Addressing the Council on Foreign Relations on 13 December, US Secretary of Defense, Mark Esper, told the audience he sees America’s foreign military training programme as a “critical long-term investment,” one that “makes for great partnerships […] I want to increase that by 50 percent over the coming five years.”
According to official sources, there are some 5,100 foreign military students from 153 countries currently in the US for some form of security cooperation training. There is a temporary moratorium on new students enrolling while the Department of Defense (DoD) institutes new vetting and screening procedures are put in place following the deadly shooting earlier this month at Naval Air Station Pensacola, FL, by a Saudi student, who killed three and wounded eight.
Despite political fallout from the shooting, military leaders are robust in their support for the foreign military training programme.
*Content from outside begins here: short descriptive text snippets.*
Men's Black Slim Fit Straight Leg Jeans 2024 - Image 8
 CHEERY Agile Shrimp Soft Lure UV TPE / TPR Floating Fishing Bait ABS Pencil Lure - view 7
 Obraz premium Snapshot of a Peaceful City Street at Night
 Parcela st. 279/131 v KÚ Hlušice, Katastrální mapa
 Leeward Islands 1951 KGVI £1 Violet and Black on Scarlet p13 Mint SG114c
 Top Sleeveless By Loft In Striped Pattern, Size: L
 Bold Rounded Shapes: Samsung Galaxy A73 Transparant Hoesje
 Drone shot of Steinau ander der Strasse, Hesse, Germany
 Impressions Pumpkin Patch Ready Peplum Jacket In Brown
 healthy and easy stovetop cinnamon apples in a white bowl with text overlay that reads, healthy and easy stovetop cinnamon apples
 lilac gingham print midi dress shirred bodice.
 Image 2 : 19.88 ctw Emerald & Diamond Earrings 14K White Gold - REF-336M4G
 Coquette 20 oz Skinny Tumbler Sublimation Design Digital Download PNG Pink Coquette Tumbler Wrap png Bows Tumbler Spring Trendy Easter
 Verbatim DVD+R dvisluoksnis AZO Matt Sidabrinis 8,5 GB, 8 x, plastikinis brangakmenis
Speaking at the Reagan National Defense Forum in Simi Valley, CA, at the beginning of this month, US Air Force Chief of Staff, Gen David Goldfein, told the audience that one of the advantages the US has is that “We have allies and partners, and often our adversaries don’t […] My biggest concern would be that we would walk away from those key relationships, folks we know that we need when we go into combat.”
DoD has not yet revealed exactly when new screening procedures will be in place, but observers close to the proceedings tell MTSC they expect it to be soon. Meanwhile, it remains to be seen how readily – and how quickly – Secretary Esper’s aspiration to expand the programme can be realized.